Hello, I am relatively new to lean and could use some help. Currently I am trying to write prove that the (incl_fun) function defined, mapping a power series in a set of variables to a power series in variables corresponding to the disjoint union of the first set with another set in the natural way, gives a morphism of rings.

import tactic
import ring_theory.ideal.quotient
import ring_theory.power_series.basic

noncomputable theory
open_locale classical
open_locale big_operators

variables (σ τ R : Type*) [comm_ring R]

namespace mv_power_series

open finset

variables {σ τ R}

def incl_fun : mv_power_series σ R → mv_power_series (σ ⊕ τ) R :=
show ((σ →₀ ℕ) → R) → ((σ ⊕ τ →₀ ℕ) → R), from λ f m,
let n := finsupp.sum_finsupp_equiv_prod_finsupp m in
if n.2 = 0 then f n.1 else 0

def incl : mv_power_series σ R →+* mv_power_series (σ ⊕ τ) R :=
{ to_fun := incl_fun,
map_one' :=  begin
ext n,
unfold incl_fun,
rw coeff_one,
simp,
split_ifs,
end,
map_mul' := sorry,
map_zero' := begin
ext,
unfold incl_fun,
simp,
refl,
end,


Above is what I have so far. Below is the tactic state after the split_ifs tactic in map_one'.

σ: Type u_1
τ: Type u_2
R: Type u_4
_inst_1: comm_ring R
n: σ ⊕ τ →₀ ℕ
h: n = 0
⊢ ⇑(coeff R n) (λ (m : σ ⊕ τ →₀ ℕ), ite (finsupp.comap_domain sum.inr m _ = 0) (1 (finsupp.comap_domain sum.inl m _)) 0) = 1

σ: Type u_1
τ: Type u_2
R: Type u_4
_inst_1: comm_ring R
n: σ ⊕ τ →₀ ℕ
h: ¬n = 0
⊢ ⇑(coeff R n) (λ (m : σ ⊕ τ →₀ ℕ), ite (finsupp.comap_domain sum.inr m _ = 0) (1 (finsupp.comap_domain sum.inl m _)) 0) = 0


It seems as though the way to proceed would be to "evaluate" the lambda at our n and then split_ifs again to deal with all possibilities, however, I have not been able to figure out how I should go about doing this.

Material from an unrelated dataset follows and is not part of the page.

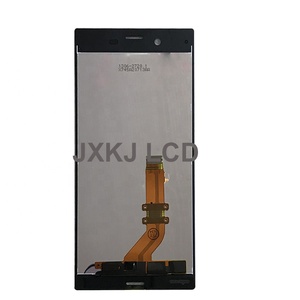 ขายส่งราคา5.2นิ้วสำหรับ SONY Xperia XZ F8331 F8332จอแสดงผล LCD ที่มีหน้าจอสัมผัส Digitizer ประกอบเซ็นเซอร์เปลี่ยน - Product Image 2
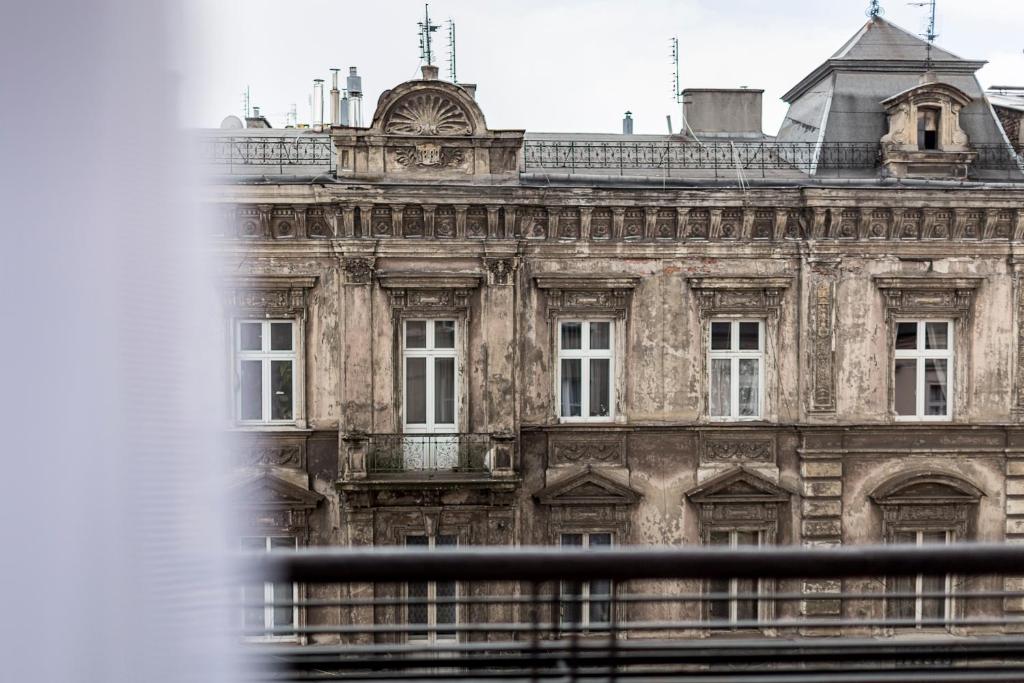 Daniel Griffin Aparthotel by Artery Hotels - Resim 34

#### Yakov Pechersky (Mar 19 2023 at 03:05):

Am I correct that your definition would be the same as mv_polynomial.eval₂_hom mv_polynomial.C or.inl?

#### Coleton Kotch (Mar 19 2023 at 03:53):

I believe that my definition would be the same as that yes, other than for power series of course and using sum.inl instead of or.inl.

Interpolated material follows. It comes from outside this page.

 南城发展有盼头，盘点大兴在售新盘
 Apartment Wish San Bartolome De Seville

#### Yakov Pechersky (Mar 19 2023 at 03:55):

Ah, yes, I meant sum.inl

#### Kevin Buzzard (Mar 19 2023 at 09:37):

So you could prove it by using extensionality to verify that your map is the same as the ring homomorphism which already exists, and then deducing that your map is also a ring homomorphism :-)

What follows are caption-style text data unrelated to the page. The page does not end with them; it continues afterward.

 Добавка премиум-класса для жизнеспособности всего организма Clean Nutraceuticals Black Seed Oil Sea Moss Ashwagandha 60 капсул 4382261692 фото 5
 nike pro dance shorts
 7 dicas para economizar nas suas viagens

#### Kevin Buzzard (Mar 19 2023 at 09:39):

These internal definitions of things like polynomial multiplication are very delicate. If you're doing this as a learning exercise then you've certainly jumped in at the deep end and you might want to look at how things like eval2hom are constructed. If you're doing it because you need it for something else then just breathe a sigh of relief because it's done already. Even single variable polynomials are quite messy when dealing with multiplication.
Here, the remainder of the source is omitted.